Return, without pictures, the lines from the start of the data through the one that contains "NWT VINEYARD VINES".
---- Material for the task
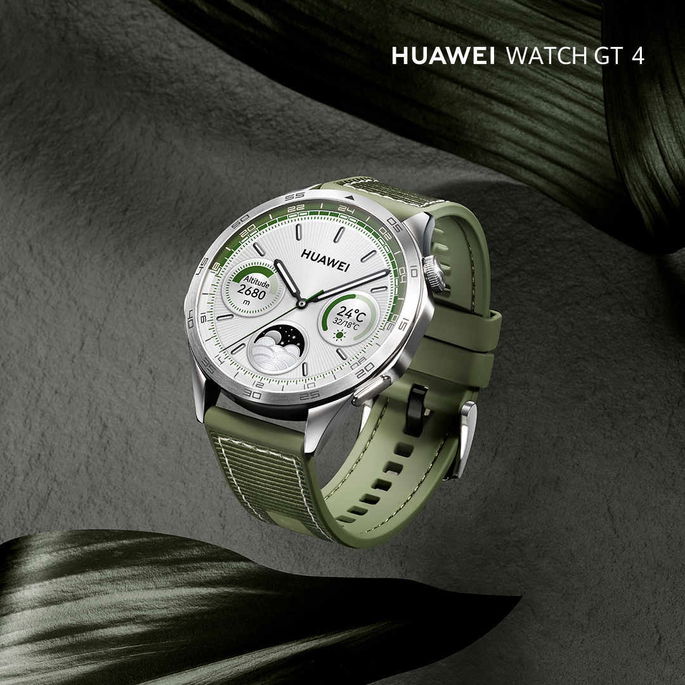 Modelo verde do Huawei Watch GT 4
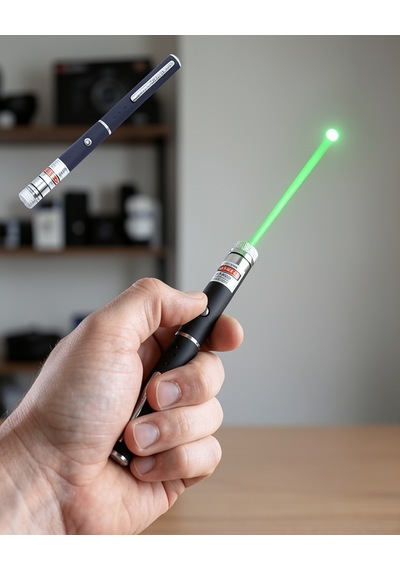 Yeşil Lazer Pointer Güçlü Işın Kompakt Tasarım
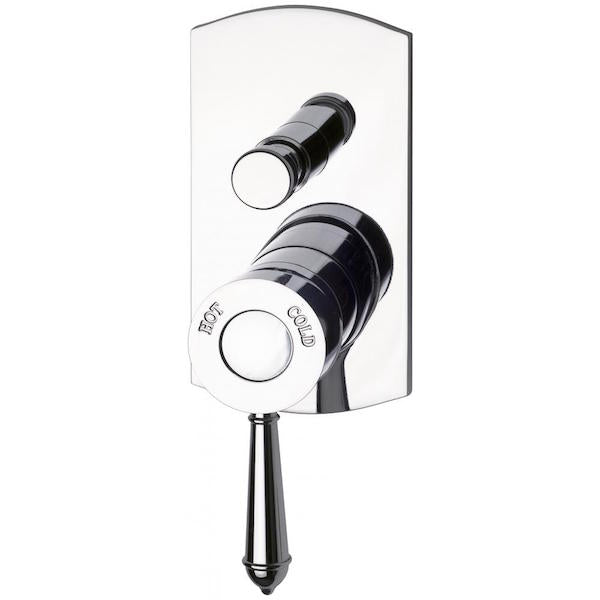 Phoenix Nostalgia chrome shower/bath diverter mixer with polished wall plate and hot/cold controls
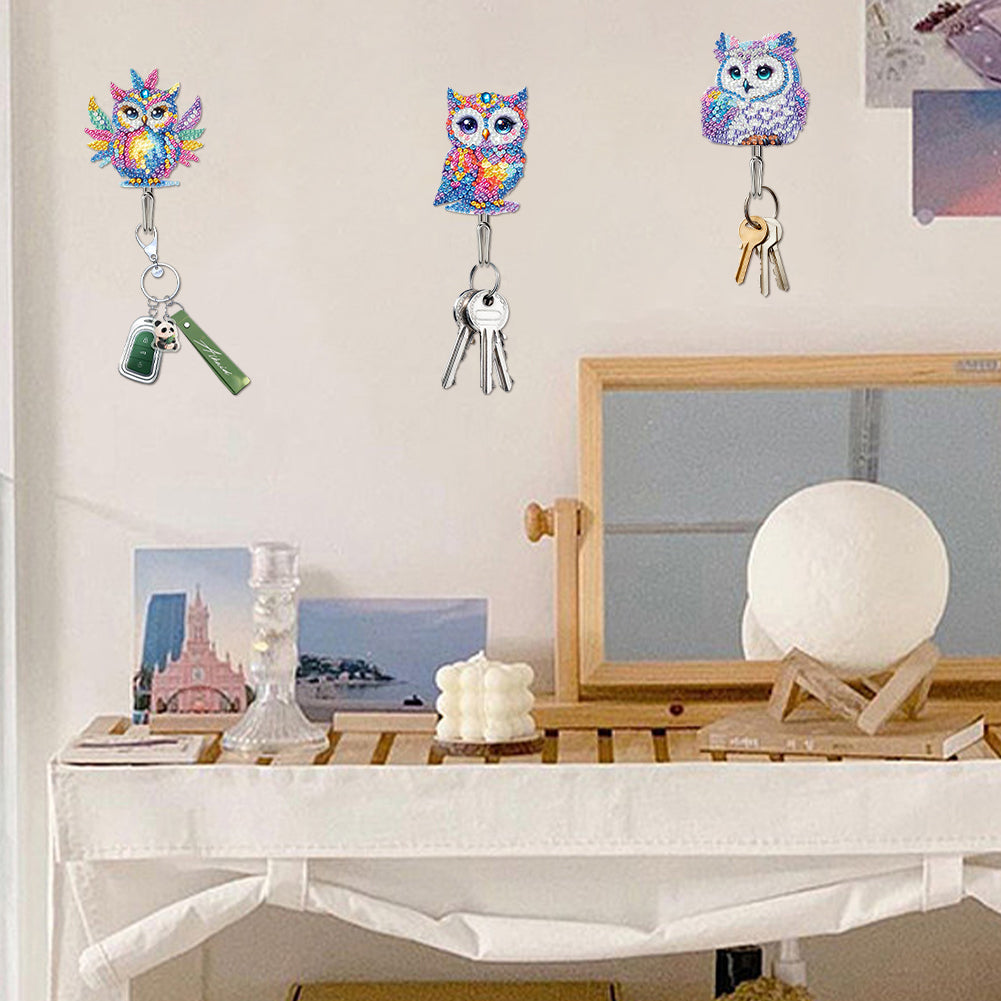 6Pcs Acrylic Colorful Owl 5D DIY Diamond Painting Art Hooks for Beginners Adults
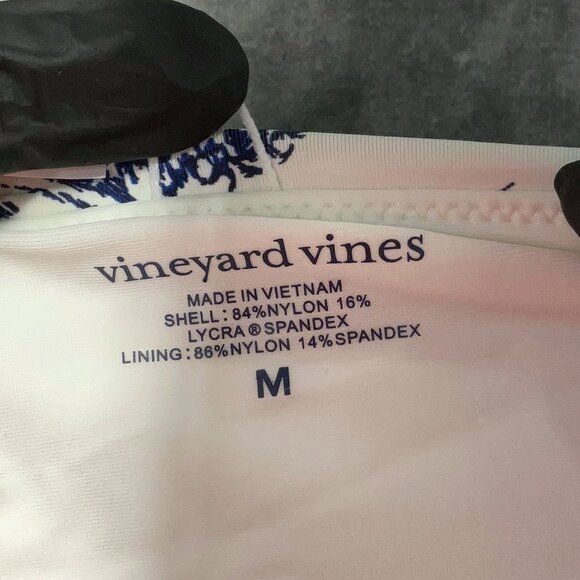 NWT VINEYARD VINES Square Neck One Piece Women's Bathing Suit Toile/Navy Size M - Picture 3 of 5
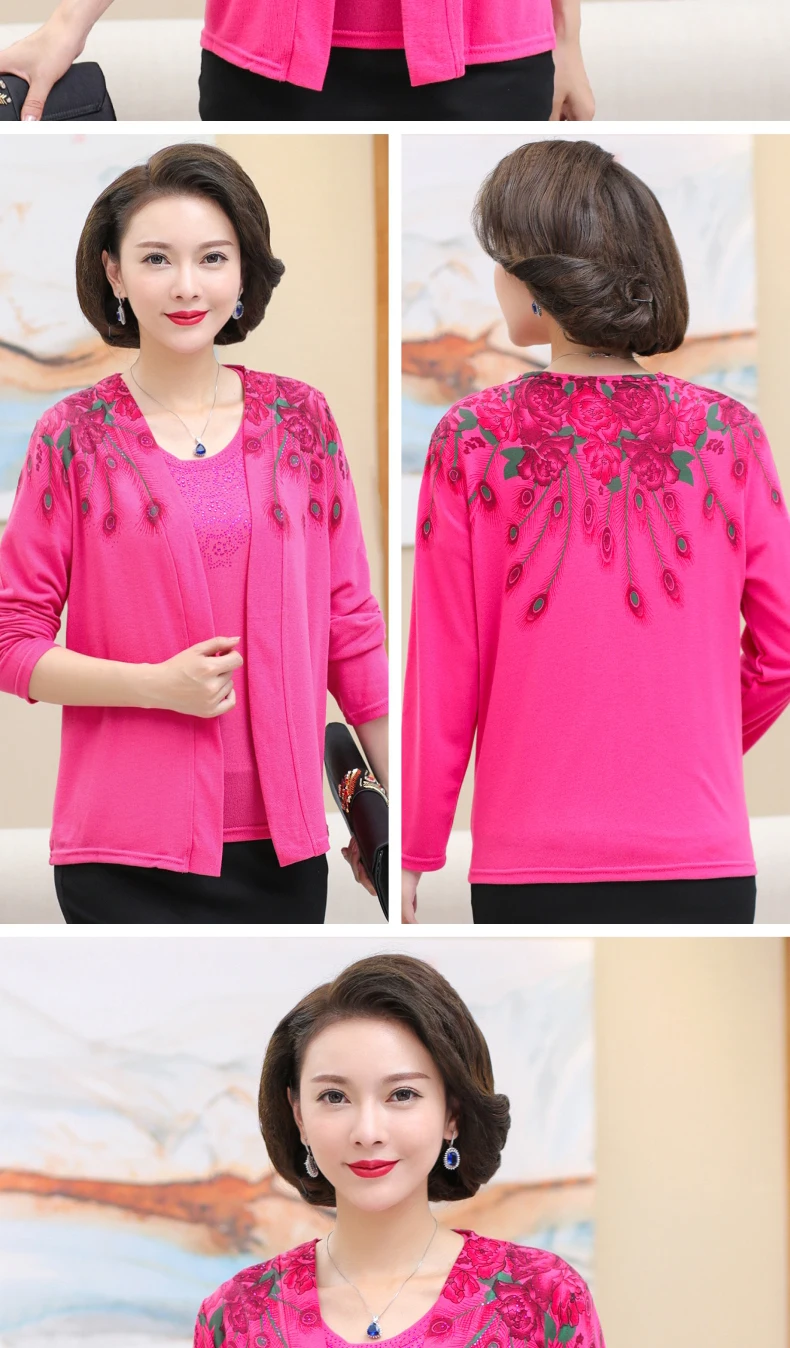 Мода, feminino blusa Трикотажный костюм, Осенний вязаный комплект из двух предметов для мамы, женский свитер с длинным рукавом размера плюс, S417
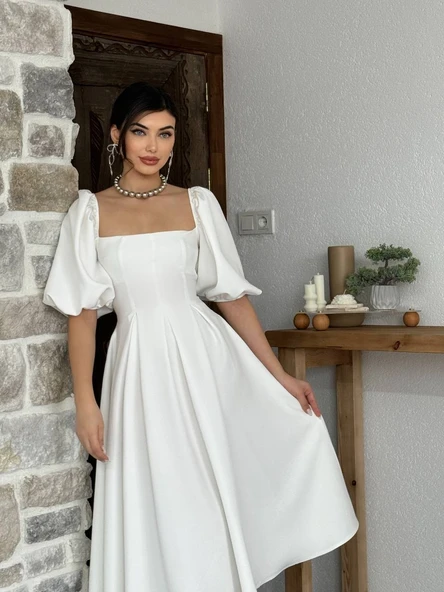 Benjamin Çan Etekli Midi Boy Elbise - Resim 9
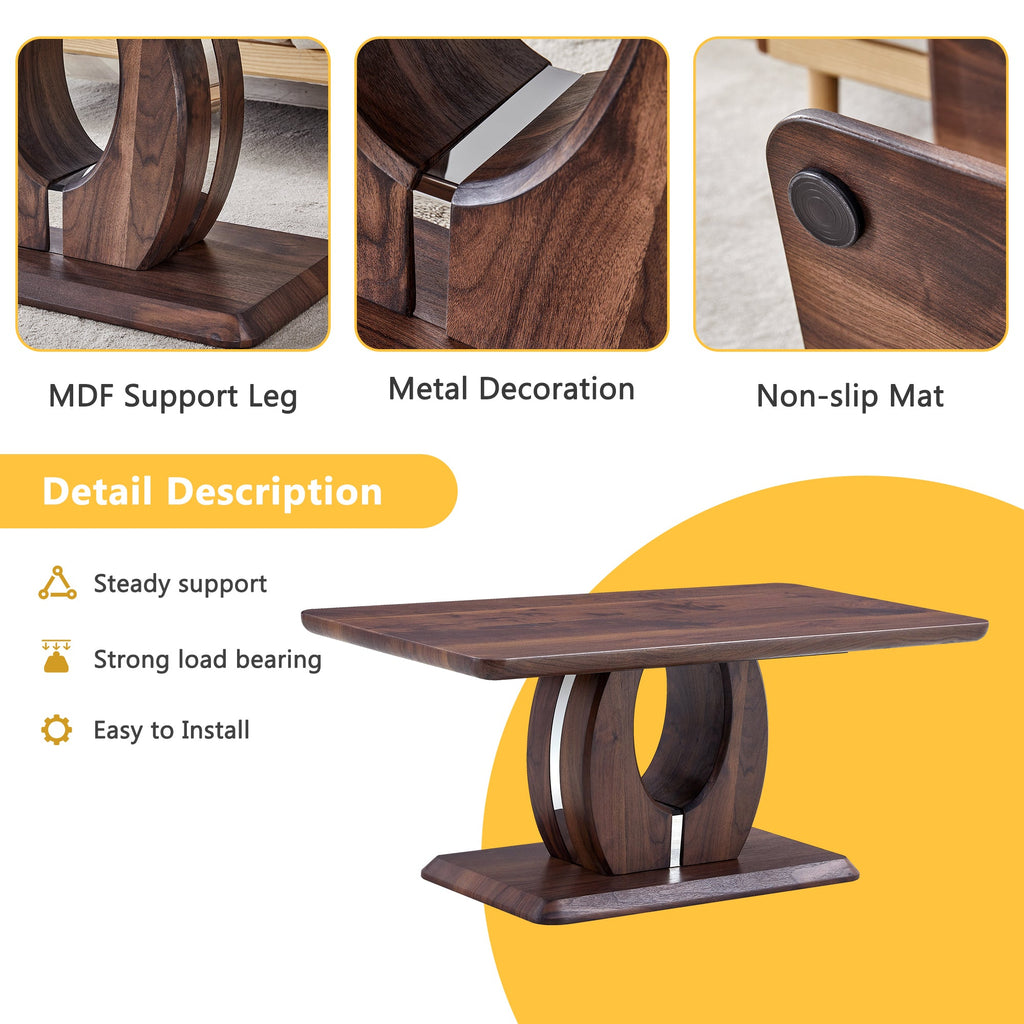 Modern Minimalist Walnut Dark Brown Rectangular Coffee Table
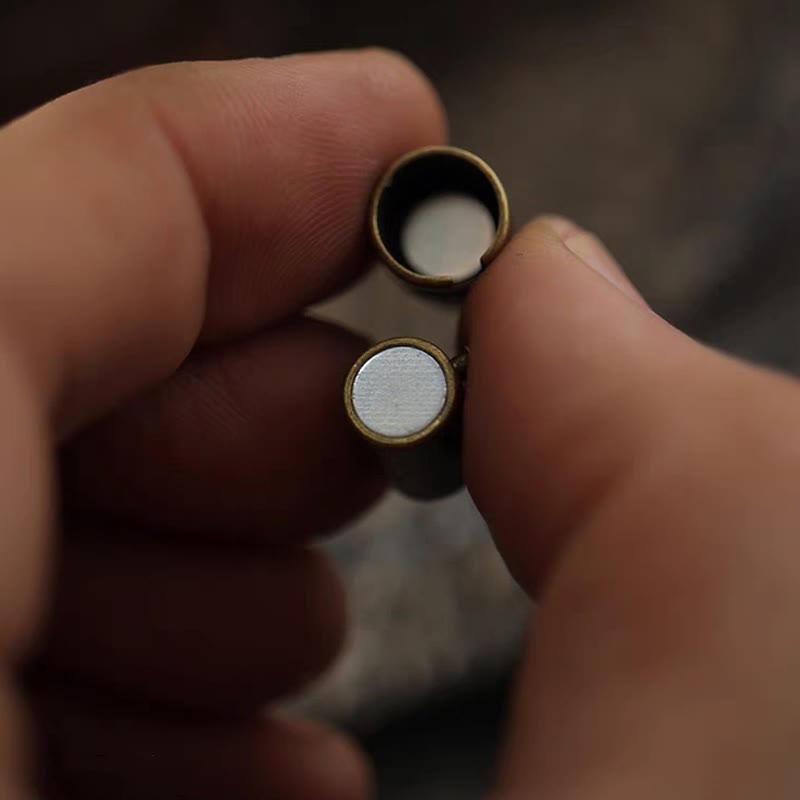 Pulsera con hebilla magnética de cobre y cuero retro con piedras de Buda para la suerte y la curación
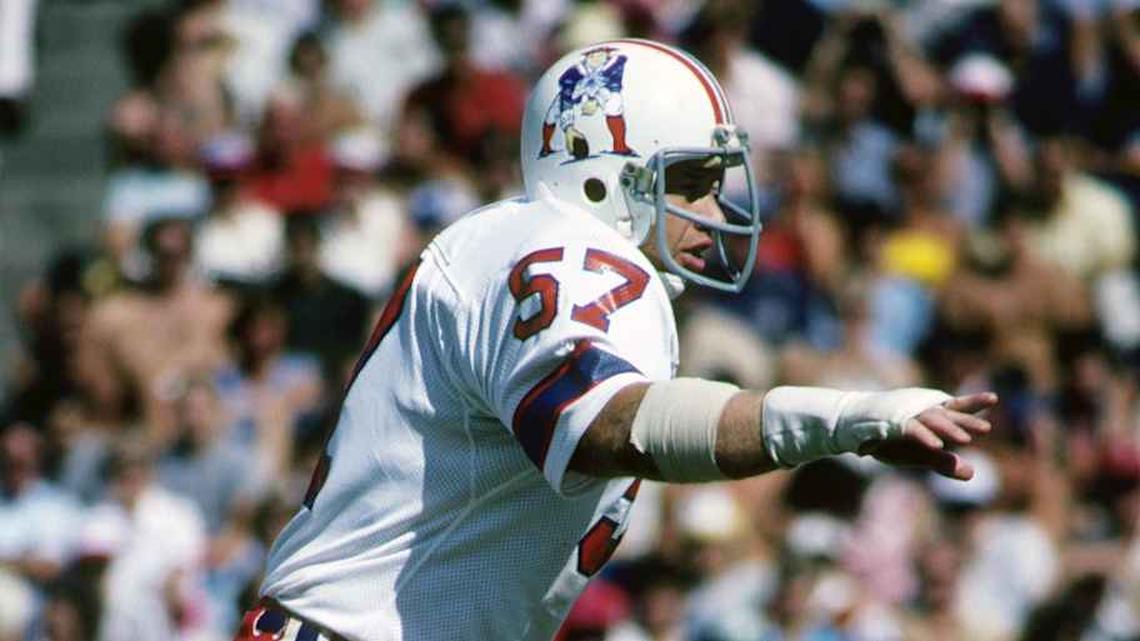  Sep 1980; Foxboro, MA, USA: FILE PHOTO; New England Patriots linebacker Steve Nelson (57) in action during the 1980 season at Foxboro Stadium. Mandatory Credit: Dick Raphael-Imagn Images | Dick Raphael-Imagn Images 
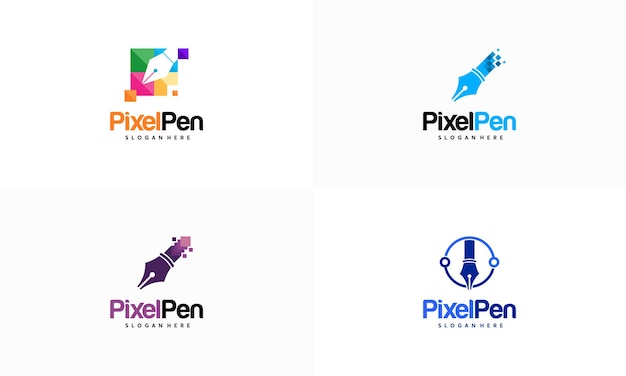 Diseños de logotipos de Pixel Pen vector de concepto Diseños de plantillas de logotipos de Creator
--------
- [Task response]
 Modelo verde do Huawei Watch GT 4
 Yeşil Lazer Pointer Güçlü Işın Kompakt Tasarım
 Phoenix Nostalgia chrome shower/bath diverter mixer with polished wall plate and hot/cold controls
 6Pcs Acrylic Colorful Owl 5D DIY Diamond Painting Art Hooks for Beginners Adults
 NWT VINEYARD VINES Square Neck One Piece Women's Bathing Suit Toile/Navy Size M - Picture 3 of 5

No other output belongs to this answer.